RHQ seems to be a great product to monitor any resources. But I have the requirement to not only monitor any resource but to also trigger "External Actions" based on any "Alert Conditions": For Example a Server goes down. RHQ allows to send an email. But what I have to achieve is, that I need for example to call a webservice that will bring up a backup server! Does RHQ provide some "Plugins-Concepts" for the Alerts to not only send an email but rather execute any arbitrarty Plugin or Java Code
Improvement Possibility: Its seems RHQ does have the 30 seconds monitoring limit (as seen inanother posting, this limit can be manually patched.) However I think a great percentage of the users of RHQ will not have "hundertthousands" of services to monitor. I think a standardsetup by a lot of user might comprise 5 to 10 Servers only monitoring the most important Services. So the data collected is quite limited and will not overload the system. But what is actually many times required, is to have faster Monitoring Intervall. I have to monitor a Webserver and bring up alternative service. Therefore I need to operate on a 1 Second Monitoring basis. But this is of course limited to only one or two critical Services per Server. So the generated data is limited and could also be discarded/aggregated before storing them in the DB for historical reasons).

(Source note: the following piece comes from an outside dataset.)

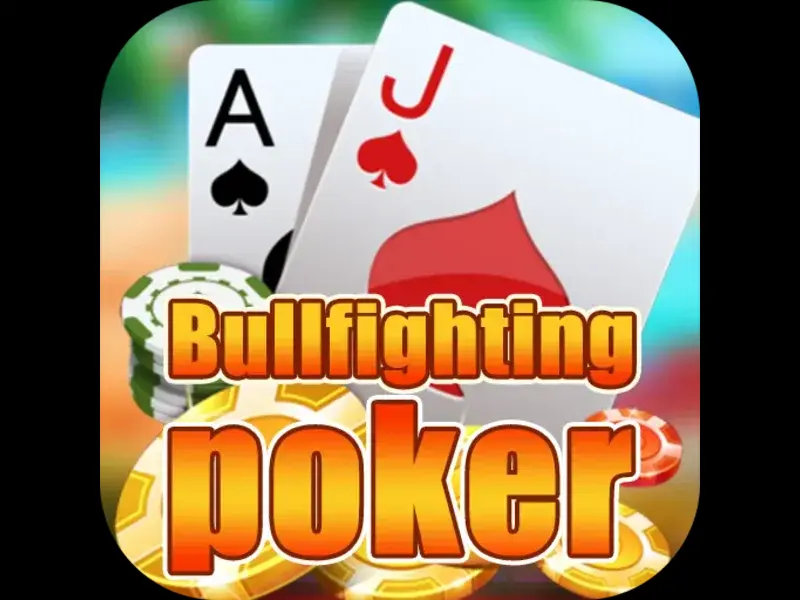 Bullfight Poker - Game Bài Truyền Thống Được Cải Tiến Mới 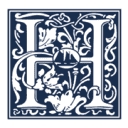 Hawthorne Hotel logo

=>You are loosing a big marketshare and userbase by limiting the polling Intervalls to 30 seconds. Making this configurable for every user will allow a lot more users to use your system! RHQ is a great plattform to integrate further plugins into but a 30 second monitoring limit is for critical services too much!)
Now my question related to monitoring intervalls: Does RHQ offer (or what whould be the best approach to implement this) to have for example a monitoring intervall of 10 Seconds. If the Service goes down (the first checks returns DOWN status) I want to start monitoring with an intervall of 1 second and reconfirm(!!) the down Status. I will do for example 5 checks (ever Second a check) and only after this 5 failed checks, I want to report the Service as down? Is there a possiblity to configure existing Plugins (the Alerts) to work like this?
In my own plugins (Heiko has written a great tutorial about Plugins, Thanks!!!) I wold have to implement this logic directly in the method that checks for up and down status? Or is there any clever way to configure this kind of monitoring (changing the monitoring intervall for reconfirmation) in the Alets-Logik in the GUI?
Thank you very much for any advice!!!!